The CANDISC Procedure

Computational Details

Subsections:

General Formulas

General Formulas

Canonical discriminant analysis is equivalent to canonical correlation analysis between the quantitative variables and a set of dummy variables coded from the CLASS variable. In the following notation, the dummy variables are denoted by $\mb{y}$ and the quantitative variables are denoted by $\mb{x}$ . The total sample covariance matrix for the $\mb{x}$ and $\mb{y}$ variables is

$\mb{S} = \left[\begin{matrix} \mb{S}_{xx} & \mb{S}_{xy} \cr \mb{S}_{yx} & \mb{S}_{yy} \end{matrix}\right]$

When c is the number of groups, $n_ t$ is the number of observations in group t, and $\mb{S}_ t$ is the sample covariance matrix for the $\mb{x}$ variables in group t, the within-class pooled covariance matrix for the $\mb{x}$ variables is

$\mb{S}_ p = \frac{1}{\sum n_ t-c} {\sum (n_ t-1)\mb{S}_ t}$

The canonical correlations, $\rho _ i$ , are the square roots of the eigenvalues, $\lambda _ i$ , of the following matrix. The corresponding eigenvectors are $\mb{v}_ i$ .

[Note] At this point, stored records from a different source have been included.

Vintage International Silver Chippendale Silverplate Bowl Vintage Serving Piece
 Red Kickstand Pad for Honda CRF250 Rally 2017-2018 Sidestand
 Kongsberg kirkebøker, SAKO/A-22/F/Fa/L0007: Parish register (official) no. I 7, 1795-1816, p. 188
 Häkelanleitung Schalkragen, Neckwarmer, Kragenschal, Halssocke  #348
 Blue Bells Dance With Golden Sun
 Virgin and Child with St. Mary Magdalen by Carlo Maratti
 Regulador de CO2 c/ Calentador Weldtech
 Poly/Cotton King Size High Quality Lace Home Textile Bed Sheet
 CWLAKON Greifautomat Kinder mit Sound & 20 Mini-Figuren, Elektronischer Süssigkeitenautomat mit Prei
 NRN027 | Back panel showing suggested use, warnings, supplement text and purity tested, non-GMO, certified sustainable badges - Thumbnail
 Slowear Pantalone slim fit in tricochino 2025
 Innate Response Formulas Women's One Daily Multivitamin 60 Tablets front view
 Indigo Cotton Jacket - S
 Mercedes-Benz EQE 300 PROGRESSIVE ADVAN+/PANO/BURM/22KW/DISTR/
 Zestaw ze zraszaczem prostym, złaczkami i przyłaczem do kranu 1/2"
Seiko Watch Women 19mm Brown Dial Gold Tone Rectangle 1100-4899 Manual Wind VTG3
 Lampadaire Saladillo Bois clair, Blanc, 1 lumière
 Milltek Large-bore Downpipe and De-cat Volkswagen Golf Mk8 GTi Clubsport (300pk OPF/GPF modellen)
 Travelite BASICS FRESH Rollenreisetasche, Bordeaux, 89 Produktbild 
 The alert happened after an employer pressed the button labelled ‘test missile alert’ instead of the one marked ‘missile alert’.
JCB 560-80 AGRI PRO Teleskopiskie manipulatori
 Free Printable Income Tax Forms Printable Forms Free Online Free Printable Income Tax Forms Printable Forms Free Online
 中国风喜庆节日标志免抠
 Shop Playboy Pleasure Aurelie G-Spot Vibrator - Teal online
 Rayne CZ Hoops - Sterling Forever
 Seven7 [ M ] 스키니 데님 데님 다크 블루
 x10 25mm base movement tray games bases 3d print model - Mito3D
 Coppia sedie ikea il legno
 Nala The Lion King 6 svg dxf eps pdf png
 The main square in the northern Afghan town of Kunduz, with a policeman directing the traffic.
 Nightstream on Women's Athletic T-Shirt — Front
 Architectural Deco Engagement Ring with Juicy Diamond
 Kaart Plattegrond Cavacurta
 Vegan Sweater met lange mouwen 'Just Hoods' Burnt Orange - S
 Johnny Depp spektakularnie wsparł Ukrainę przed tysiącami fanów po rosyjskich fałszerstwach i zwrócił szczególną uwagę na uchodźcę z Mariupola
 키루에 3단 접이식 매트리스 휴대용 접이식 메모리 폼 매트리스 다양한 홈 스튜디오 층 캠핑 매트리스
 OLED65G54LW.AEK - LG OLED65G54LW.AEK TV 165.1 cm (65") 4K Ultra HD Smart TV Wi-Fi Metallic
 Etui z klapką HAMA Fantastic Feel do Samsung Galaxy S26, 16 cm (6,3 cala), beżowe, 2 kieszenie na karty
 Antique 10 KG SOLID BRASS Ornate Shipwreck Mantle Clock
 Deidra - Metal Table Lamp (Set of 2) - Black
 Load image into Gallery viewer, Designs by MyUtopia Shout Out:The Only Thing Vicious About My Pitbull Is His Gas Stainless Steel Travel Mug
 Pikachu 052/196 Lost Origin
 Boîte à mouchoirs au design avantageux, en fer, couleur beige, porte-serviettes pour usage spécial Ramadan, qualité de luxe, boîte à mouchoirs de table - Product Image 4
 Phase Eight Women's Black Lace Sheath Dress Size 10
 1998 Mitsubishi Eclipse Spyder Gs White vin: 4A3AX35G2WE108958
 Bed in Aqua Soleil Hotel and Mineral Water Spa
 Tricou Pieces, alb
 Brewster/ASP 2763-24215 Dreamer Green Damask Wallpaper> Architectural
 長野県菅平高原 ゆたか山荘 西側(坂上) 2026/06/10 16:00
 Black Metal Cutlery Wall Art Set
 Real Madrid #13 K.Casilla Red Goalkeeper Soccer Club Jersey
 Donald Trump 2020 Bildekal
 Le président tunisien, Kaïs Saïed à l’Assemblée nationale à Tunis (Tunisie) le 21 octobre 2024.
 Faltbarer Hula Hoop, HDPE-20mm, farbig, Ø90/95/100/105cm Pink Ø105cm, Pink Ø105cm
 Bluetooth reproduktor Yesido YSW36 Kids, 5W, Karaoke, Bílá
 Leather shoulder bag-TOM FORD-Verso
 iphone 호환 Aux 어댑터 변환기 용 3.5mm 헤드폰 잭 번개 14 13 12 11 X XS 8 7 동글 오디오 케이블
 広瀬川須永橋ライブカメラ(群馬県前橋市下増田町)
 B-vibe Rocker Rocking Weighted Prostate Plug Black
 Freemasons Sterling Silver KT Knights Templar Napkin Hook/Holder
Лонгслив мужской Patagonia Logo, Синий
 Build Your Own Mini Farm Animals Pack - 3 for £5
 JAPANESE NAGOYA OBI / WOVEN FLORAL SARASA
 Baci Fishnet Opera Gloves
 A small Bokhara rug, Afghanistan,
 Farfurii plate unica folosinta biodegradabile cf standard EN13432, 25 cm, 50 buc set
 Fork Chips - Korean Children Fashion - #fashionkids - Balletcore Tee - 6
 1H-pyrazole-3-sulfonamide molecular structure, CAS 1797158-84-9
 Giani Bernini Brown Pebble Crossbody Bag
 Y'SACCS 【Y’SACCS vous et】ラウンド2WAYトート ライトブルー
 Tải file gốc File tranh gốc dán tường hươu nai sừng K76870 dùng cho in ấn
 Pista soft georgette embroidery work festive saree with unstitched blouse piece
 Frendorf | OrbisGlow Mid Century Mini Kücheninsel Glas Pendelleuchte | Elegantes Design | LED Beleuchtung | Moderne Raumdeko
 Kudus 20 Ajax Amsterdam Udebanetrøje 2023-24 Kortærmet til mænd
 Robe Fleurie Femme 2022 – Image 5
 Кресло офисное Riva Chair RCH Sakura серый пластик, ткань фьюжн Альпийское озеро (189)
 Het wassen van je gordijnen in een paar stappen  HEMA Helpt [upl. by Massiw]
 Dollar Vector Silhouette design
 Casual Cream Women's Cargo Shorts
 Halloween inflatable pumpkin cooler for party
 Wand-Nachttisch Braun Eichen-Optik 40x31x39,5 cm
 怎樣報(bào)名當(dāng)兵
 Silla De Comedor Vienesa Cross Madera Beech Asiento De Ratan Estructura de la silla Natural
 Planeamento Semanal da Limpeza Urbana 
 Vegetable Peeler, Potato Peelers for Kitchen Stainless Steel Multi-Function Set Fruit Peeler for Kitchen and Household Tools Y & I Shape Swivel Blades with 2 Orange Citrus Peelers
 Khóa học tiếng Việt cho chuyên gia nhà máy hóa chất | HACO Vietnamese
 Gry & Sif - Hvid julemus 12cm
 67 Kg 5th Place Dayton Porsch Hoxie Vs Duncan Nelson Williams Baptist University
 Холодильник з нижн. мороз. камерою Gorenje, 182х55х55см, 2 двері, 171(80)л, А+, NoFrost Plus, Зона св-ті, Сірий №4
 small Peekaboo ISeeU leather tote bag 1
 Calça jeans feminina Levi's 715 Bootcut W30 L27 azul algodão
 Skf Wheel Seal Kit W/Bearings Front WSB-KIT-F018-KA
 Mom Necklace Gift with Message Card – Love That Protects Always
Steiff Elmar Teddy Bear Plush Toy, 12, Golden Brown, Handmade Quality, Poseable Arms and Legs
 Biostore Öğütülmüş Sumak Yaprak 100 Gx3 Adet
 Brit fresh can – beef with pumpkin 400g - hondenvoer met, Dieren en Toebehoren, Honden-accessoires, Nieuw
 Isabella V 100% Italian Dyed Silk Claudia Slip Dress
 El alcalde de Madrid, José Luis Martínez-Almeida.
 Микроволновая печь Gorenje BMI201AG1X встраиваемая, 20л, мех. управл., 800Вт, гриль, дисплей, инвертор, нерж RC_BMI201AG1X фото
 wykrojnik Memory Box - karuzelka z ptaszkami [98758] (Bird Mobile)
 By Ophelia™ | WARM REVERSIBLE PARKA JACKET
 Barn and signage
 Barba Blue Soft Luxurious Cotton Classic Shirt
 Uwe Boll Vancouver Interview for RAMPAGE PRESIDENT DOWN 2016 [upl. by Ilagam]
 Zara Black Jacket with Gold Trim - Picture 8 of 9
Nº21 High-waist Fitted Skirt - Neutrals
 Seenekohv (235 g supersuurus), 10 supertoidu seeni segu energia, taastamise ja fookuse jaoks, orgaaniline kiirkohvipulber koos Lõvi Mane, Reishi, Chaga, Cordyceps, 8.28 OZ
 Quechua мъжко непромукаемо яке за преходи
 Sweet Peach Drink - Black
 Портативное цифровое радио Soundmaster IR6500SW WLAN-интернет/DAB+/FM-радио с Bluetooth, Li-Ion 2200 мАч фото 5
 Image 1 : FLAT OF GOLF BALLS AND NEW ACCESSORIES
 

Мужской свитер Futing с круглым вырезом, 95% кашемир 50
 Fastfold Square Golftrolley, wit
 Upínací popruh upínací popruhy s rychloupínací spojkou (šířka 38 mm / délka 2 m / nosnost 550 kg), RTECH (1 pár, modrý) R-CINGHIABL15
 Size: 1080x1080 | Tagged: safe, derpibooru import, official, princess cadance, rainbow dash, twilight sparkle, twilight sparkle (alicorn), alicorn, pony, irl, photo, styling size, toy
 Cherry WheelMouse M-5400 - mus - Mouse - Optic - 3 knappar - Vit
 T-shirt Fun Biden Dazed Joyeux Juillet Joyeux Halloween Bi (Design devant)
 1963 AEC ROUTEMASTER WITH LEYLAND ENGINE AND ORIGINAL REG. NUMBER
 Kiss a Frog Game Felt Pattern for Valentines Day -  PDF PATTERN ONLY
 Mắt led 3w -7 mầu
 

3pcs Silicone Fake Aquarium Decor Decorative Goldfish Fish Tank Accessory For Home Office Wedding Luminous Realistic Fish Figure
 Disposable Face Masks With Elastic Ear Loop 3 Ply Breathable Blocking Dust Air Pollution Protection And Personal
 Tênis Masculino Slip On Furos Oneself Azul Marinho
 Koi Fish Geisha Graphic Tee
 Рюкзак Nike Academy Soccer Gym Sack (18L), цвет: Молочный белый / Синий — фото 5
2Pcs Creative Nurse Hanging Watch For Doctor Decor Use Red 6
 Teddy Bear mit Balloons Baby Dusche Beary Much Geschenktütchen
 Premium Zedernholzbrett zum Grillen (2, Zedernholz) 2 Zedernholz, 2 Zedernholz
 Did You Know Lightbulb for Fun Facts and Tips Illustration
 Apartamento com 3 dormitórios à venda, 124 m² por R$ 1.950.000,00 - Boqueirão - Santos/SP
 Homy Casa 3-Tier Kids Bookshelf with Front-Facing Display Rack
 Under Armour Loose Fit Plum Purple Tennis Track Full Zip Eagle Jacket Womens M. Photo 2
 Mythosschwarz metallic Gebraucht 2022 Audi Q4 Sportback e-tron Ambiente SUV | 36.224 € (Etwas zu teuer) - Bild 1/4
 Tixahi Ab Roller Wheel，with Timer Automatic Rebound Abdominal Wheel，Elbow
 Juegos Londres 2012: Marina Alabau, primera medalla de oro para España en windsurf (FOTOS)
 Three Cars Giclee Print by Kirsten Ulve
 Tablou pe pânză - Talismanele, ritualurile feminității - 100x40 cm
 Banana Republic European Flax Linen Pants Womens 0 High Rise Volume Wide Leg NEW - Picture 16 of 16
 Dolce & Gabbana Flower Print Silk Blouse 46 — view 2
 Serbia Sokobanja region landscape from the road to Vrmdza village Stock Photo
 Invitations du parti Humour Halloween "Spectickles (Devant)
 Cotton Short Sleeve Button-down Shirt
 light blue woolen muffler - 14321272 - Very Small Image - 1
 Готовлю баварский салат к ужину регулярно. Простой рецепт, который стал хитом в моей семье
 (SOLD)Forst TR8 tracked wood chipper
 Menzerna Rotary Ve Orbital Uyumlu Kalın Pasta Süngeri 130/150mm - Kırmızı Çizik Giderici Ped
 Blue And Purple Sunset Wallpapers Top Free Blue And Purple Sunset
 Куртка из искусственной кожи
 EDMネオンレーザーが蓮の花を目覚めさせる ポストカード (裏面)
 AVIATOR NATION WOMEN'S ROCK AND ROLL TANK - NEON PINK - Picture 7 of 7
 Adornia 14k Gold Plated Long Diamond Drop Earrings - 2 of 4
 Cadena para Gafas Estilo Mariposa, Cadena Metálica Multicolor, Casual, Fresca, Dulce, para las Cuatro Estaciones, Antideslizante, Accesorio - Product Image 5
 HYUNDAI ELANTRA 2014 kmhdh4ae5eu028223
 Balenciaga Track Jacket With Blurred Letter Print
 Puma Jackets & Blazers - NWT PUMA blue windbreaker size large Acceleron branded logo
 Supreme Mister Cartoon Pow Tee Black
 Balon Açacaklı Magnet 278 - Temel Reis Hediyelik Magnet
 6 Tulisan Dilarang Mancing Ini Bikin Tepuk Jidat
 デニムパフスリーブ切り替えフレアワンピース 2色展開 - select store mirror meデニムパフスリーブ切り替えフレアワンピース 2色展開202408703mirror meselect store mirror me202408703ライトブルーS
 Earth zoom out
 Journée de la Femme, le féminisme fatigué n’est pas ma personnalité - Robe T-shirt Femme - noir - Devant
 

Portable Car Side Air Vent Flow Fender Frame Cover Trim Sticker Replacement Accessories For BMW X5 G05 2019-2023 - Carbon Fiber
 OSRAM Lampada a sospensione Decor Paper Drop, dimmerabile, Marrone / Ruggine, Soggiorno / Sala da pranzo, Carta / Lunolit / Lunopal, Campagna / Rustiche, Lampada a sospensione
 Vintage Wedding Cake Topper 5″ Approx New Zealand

${\mb{S}_ p}^{-1/2}\mb{S}_{xy}{\mb{S}_{yy}}^{-1}\mb{S}_{yx}{\mb{S}_ p}^{-1/2}$

Let $\mb{V}$ be the matrix that contains the eigenvectors $\mb{v}_ i$ that correspond to nonzero eigenvalues as columns. The raw canonical coefficients are calculated as follows:

$\mb{R} = {\mb{S}_ p}^{-1/2}\mb{V}$

The pooled within-class standardized canonical coefficients are

$\mb{P} = \mr{diag}(\mb{S}_ p)^{1/2}\mb{R}$

The total sample standardized canonical coefficients are

$\mb{T} = \mr{diag}(\mb{S}_{xx})^{1/2}\mb{R}$

Let $\mb{X}_ c$ be the matrix that contains the centered $\mb{x}$ variables as columns. The canonical scores can be calculated by any of the following:

$\mb{X}_ c \, \mb{R}$

$\mb{X}_ c \, \mr{diag}(\mb{S}_ p)^{-1/2}\mb{P}$

$\mb{X}_ c \, \mr{diag}(\mb{S}_{xx})^{-1/2}\mb{T}$

For the multivariate tests based on $\mb{E}^{-1}\mb{H}$ ,

$\mb{E} = (n-1)(\mb{S}_{yy} - \mb{S}_{yx}\mb{S}_{xx}^{-1}\mb{S}_{xy})$

$\mb{H} = (n-1)\mb{S}_{yx}\mb{S}_{xx}^{-1}\mb{S}_{xy}$

where n is the total number of observations.